I am sure if you took my blood pressure right then and there it would have blown the top off of the gauge. I was churning inside. I was in a rage. I was so hurt and disappointed but at the same time I was a steam engine ready to blow.
I screamed, "You Sons of Bitches!!!!!"
I stormed into the room. There they were with him fucking my wife doggie style and both of their backs to me. They jumped apart as I entered the room and both just stared at me with shocked looks on their faces.

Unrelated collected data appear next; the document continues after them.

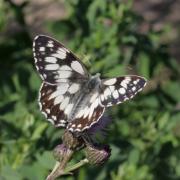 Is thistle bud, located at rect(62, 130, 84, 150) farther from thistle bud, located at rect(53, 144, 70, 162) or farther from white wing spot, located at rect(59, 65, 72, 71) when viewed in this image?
white wing spot, located at rect(59, 65, 72, 71)

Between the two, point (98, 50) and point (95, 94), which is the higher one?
point (95, 94)

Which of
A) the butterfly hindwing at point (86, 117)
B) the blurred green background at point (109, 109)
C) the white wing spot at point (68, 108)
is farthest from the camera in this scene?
the blurred green background at point (109, 109)

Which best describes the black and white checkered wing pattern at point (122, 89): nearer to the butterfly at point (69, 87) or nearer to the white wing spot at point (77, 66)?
the butterfly at point (69, 87)

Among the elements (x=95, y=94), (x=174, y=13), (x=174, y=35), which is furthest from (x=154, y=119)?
(x=174, y=13)

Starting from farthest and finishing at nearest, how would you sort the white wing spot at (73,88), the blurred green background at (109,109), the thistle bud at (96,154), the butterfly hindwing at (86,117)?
the blurred green background at (109,109) → the white wing spot at (73,88) → the thistle bud at (96,154) → the butterfly hindwing at (86,117)

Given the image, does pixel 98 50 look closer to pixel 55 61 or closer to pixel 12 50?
pixel 12 50

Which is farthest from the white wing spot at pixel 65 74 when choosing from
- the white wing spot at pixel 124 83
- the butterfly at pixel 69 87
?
the white wing spot at pixel 124 83

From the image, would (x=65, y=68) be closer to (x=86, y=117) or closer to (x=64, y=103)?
(x=64, y=103) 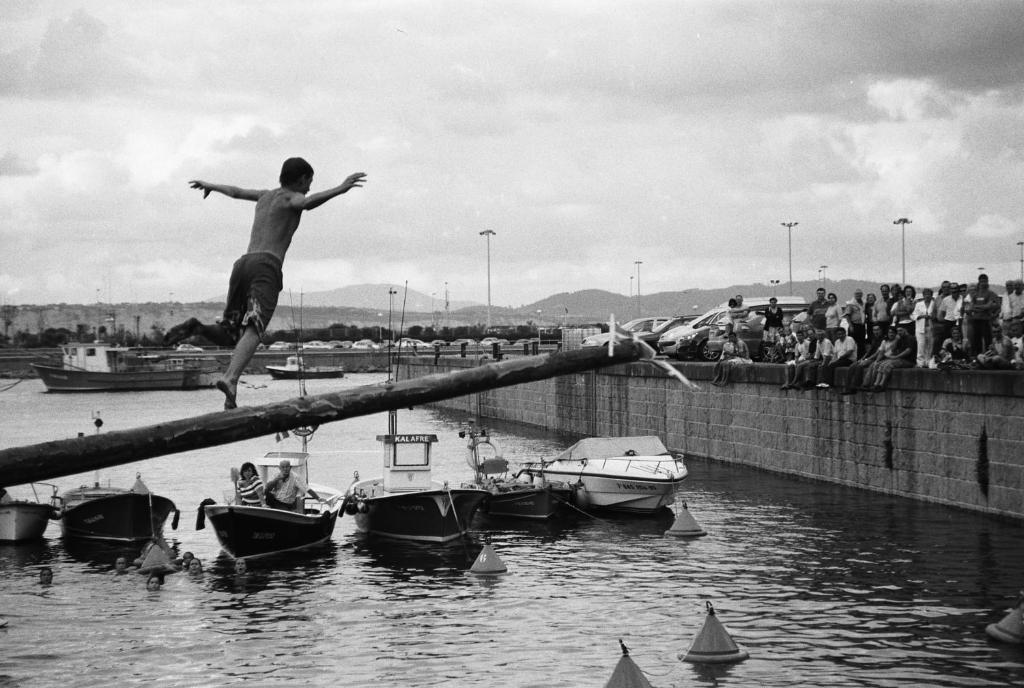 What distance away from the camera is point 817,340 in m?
36.8

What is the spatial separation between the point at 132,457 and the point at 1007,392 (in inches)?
942

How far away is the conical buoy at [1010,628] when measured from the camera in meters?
20.0

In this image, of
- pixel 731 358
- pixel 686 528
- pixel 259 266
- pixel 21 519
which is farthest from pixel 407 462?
pixel 259 266

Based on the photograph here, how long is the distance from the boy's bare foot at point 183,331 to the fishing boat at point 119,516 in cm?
2509

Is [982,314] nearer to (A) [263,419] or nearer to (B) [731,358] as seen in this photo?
(B) [731,358]

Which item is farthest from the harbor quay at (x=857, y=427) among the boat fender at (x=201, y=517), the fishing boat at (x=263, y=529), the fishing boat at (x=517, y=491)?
the boat fender at (x=201, y=517)

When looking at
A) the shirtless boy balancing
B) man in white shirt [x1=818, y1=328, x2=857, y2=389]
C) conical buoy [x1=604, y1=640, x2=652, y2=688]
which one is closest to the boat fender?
conical buoy [x1=604, y1=640, x2=652, y2=688]

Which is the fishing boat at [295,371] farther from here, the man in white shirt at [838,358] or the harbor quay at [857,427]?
the man in white shirt at [838,358]

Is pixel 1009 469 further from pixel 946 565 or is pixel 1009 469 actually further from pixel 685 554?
pixel 685 554

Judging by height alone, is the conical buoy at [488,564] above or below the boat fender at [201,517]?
below

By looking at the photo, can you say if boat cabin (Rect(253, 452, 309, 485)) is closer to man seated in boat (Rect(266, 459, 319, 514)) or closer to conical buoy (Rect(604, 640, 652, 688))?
man seated in boat (Rect(266, 459, 319, 514))

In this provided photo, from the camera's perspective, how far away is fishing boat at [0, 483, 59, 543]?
1304 inches

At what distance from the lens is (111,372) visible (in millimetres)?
131875

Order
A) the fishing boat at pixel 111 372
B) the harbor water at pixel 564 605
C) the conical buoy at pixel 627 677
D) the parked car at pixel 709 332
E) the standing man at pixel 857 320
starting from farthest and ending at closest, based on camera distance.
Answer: the fishing boat at pixel 111 372 < the parked car at pixel 709 332 < the standing man at pixel 857 320 < the harbor water at pixel 564 605 < the conical buoy at pixel 627 677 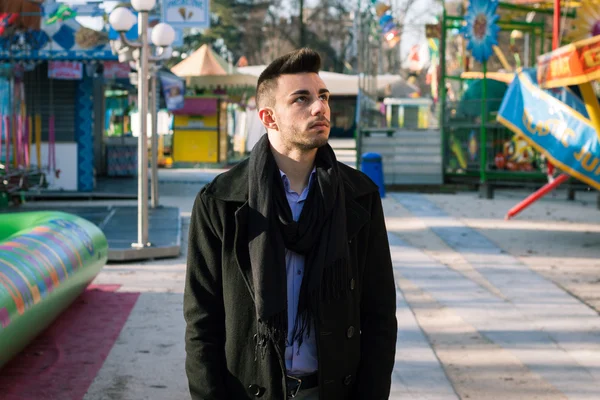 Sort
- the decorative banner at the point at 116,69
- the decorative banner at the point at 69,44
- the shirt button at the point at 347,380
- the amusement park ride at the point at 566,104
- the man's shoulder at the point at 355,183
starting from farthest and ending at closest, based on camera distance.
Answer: the decorative banner at the point at 116,69 → the decorative banner at the point at 69,44 → the amusement park ride at the point at 566,104 → the man's shoulder at the point at 355,183 → the shirt button at the point at 347,380

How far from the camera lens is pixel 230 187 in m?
3.23

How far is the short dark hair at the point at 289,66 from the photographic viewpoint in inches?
122

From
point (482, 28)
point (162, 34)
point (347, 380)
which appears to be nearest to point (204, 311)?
point (347, 380)

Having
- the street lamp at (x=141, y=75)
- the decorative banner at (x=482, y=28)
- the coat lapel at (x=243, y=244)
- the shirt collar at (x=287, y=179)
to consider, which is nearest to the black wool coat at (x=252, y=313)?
the coat lapel at (x=243, y=244)

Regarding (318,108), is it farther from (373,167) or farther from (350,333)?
(373,167)

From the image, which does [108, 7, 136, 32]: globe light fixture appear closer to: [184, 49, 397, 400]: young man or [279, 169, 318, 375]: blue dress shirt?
[184, 49, 397, 400]: young man

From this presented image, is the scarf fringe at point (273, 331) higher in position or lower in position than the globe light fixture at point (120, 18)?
lower

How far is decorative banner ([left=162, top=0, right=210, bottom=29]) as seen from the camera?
1831 cm

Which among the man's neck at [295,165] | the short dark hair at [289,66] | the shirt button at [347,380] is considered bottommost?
the shirt button at [347,380]

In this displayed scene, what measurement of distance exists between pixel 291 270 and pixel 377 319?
1.18 feet

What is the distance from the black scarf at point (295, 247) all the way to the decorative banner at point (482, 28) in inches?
638

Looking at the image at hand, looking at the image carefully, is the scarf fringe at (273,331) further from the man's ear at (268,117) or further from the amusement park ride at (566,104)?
the amusement park ride at (566,104)

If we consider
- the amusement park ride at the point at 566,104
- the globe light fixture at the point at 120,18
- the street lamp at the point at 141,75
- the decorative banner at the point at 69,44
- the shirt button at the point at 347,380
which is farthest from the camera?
the decorative banner at the point at 69,44

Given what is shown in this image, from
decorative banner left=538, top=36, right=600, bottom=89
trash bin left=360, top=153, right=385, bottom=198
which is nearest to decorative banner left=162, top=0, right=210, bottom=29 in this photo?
trash bin left=360, top=153, right=385, bottom=198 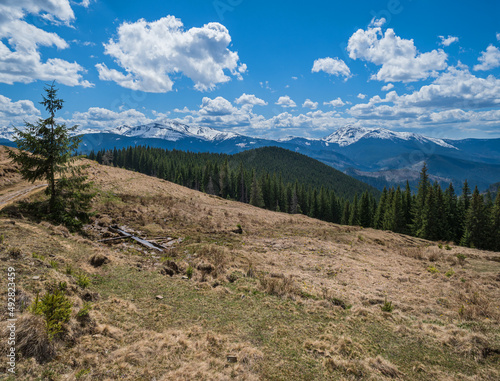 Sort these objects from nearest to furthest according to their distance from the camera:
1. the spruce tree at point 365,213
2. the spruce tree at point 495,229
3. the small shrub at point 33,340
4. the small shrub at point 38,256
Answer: the small shrub at point 33,340
the small shrub at point 38,256
the spruce tree at point 495,229
the spruce tree at point 365,213

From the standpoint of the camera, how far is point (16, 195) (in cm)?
2123

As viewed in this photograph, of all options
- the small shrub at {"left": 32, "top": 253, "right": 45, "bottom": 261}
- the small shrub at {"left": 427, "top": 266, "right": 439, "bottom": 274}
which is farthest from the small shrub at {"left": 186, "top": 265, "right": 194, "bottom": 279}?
the small shrub at {"left": 427, "top": 266, "right": 439, "bottom": 274}

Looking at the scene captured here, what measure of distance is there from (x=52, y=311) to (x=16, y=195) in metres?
20.9

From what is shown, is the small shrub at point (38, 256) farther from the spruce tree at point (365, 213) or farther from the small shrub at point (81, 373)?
the spruce tree at point (365, 213)

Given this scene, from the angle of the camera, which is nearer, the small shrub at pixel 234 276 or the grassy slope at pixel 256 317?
the grassy slope at pixel 256 317

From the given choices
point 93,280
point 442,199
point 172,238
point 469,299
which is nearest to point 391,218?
point 442,199

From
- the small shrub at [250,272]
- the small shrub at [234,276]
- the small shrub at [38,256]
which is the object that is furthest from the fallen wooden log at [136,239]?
the small shrub at [38,256]

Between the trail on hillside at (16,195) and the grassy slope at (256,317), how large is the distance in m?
2.88

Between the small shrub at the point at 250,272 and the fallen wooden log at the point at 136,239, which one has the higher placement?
the fallen wooden log at the point at 136,239

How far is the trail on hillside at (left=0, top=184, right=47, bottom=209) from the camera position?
1933 cm

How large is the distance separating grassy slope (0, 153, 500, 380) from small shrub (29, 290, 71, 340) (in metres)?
0.44

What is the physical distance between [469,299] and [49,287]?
2049 centimetres

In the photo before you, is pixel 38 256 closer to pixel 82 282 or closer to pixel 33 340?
pixel 82 282

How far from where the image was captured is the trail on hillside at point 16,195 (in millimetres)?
19328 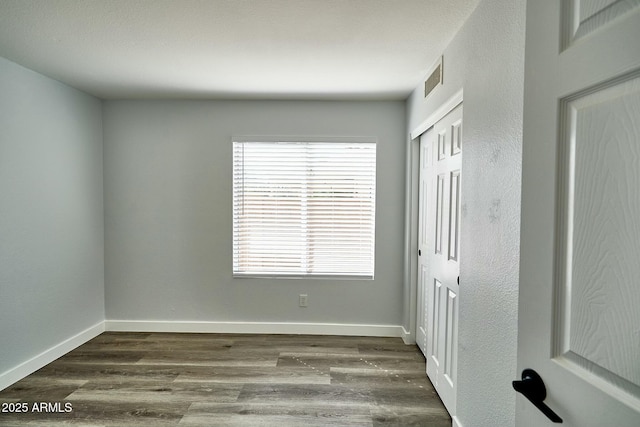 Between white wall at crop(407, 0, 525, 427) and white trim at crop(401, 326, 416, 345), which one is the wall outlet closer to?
white trim at crop(401, 326, 416, 345)

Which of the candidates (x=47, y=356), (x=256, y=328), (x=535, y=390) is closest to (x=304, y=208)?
(x=256, y=328)

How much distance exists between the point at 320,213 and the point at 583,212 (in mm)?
2985

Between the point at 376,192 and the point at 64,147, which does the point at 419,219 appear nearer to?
the point at 376,192

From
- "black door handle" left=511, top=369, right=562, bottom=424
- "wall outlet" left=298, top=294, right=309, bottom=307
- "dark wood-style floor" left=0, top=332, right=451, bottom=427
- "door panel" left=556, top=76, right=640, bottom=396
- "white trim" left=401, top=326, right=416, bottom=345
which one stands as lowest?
"dark wood-style floor" left=0, top=332, right=451, bottom=427

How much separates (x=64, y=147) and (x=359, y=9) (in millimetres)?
2834

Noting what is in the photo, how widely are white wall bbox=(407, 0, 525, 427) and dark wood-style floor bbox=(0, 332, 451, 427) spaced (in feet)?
2.15

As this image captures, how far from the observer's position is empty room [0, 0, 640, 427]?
67 cm

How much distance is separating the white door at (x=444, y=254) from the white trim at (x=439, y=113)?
1.5 inches

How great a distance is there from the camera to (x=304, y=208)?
359cm

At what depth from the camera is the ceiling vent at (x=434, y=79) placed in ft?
7.77

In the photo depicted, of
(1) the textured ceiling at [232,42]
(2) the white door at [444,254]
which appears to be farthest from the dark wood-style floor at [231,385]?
(1) the textured ceiling at [232,42]

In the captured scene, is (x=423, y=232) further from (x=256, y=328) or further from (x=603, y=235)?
(x=603, y=235)

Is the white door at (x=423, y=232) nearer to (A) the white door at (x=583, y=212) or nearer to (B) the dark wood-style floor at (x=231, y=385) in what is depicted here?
(B) the dark wood-style floor at (x=231, y=385)

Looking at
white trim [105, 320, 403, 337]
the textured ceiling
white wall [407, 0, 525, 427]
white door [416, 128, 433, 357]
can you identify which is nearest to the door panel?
white wall [407, 0, 525, 427] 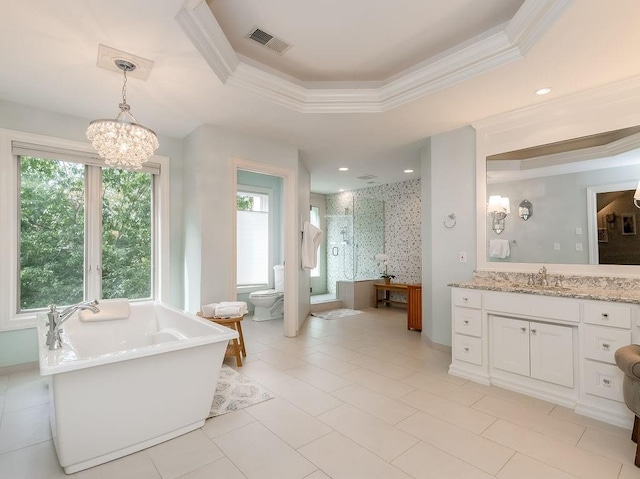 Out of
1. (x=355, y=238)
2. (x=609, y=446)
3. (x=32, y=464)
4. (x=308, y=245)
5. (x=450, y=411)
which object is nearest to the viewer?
(x=32, y=464)

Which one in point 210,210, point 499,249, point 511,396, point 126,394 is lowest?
point 511,396

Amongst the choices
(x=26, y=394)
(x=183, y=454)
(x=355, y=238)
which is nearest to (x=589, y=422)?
Result: (x=183, y=454)

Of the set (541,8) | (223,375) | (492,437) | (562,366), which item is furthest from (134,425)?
(541,8)

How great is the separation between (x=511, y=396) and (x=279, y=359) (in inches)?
87.2

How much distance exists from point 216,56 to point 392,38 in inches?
53.6

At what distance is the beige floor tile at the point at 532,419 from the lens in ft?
6.98

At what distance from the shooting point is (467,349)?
307 cm

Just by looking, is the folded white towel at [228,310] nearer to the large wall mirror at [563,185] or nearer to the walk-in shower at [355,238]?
the large wall mirror at [563,185]

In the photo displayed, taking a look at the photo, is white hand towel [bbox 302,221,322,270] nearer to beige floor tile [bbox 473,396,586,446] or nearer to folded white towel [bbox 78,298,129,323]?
folded white towel [bbox 78,298,129,323]

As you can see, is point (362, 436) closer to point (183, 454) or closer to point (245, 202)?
point (183, 454)

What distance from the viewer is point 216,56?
2404mm

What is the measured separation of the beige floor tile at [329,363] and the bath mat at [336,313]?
2.04 meters

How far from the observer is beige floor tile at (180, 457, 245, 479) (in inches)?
68.0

"Get off my wife you lowly mother fucking bastard!" I yelled. "Get your miserable ass out of my fucking house this minute you cock sucking slime ball. Get Out!"
Nancy started to scream and cry and I told her, "I will deal with you next you fucking whore slut."
"Now get your ass moving Roger," I yelled again.
With that I grabbed him and started to push him around. Big mistake. He was a guilty son of a bitch for fucking another man's wife, and had I not grabbed him he probably would have left and I am guessing it wouldn't have taken him long. But, I grabbed him and he immediately turned defensive. But, you know they always say that the best defense is a good offense and he used that principle to the utmost.